Escucha, estoy muy confundido; en esta tierra están sucediendo cosas extrañas que me aturden el alma. Para empezar, ¿cómo es eso de que 62 personas tengan la riqueza de la mitad de la población más pobre del planeta? Lo entendería si el hambre fuera una añeja reseña del pasado, pero cada día mueren 25,000 personas por esa muda tragedia y casi mil millones padecen de hambre; obvio, sin considerar los 2,800 millones de personas (40 % de la población mundial) que subsisten con menos de dos dólares por día. Más absurdo es aceptar que solo en Estados Unidos, la nación que se fundó bajo el estandarte de la fe cristiana, se despilfarran cuarenta millones de toneladas de alimentos cada año (1,300 millones en el mundo) suficientes para alimentar a las personas que se van a la cama sin probar un bocado. Como paradójica compensación de ese drama, apenas el año pasado el gasto militar mundial fue de 1,686 billones de dólares, una cifra monstruosa pero suficiente para mitigar el hambre en los próximos diez años o reconstruir a doce de las naciones más pobres del planeta.
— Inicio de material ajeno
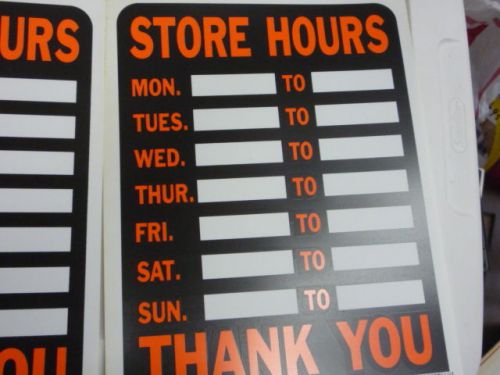 2 red white + 2 orange and black store hours business  signs
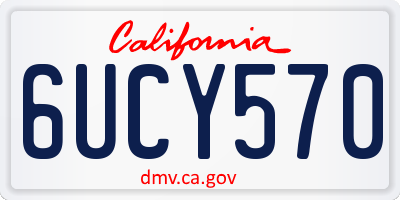 CA license plate 6UCY570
Sin embargo, ese cuadro de inequidad, que acepto como infausta secuela de nuestro extravío espiritual, no me lacera tan sensiblemente como el testimonio de los que dicen hablar en tu nombre y se arrogan la insolencia de bendecir y perdonar pecados ajenos. Me pregunto si tu hijo Jesús, que según su propia confesión “no tenía dónde recostar su cabeza" (Mateo 8: 20), podría hoy calificar como cliente o sujeto de crédito en un banco con un patrimonio de cuatro mil millones de euros operado por la iglesia que proclama el legado de su autoridad espiritual y que detenta cerca del 3 % de la riqueza inmobiliaria del mundo.
Créeme que no me imagino ver a tu hijo calculando los rendimientos de su portafolio de inversión en Wall Street o en un jet privado rumbo al Caribe después de una extenuante jornada de predicación a través de cadenas globales de televisión sustentadas por las ofrendas de millones de incautos. Perdóname, pero ante ese escenario ¿cómo evito recordar la entrada triunfal de tu hijo a Jerusalén sobre el lomo de un asno prestado? (Marcos 11:7).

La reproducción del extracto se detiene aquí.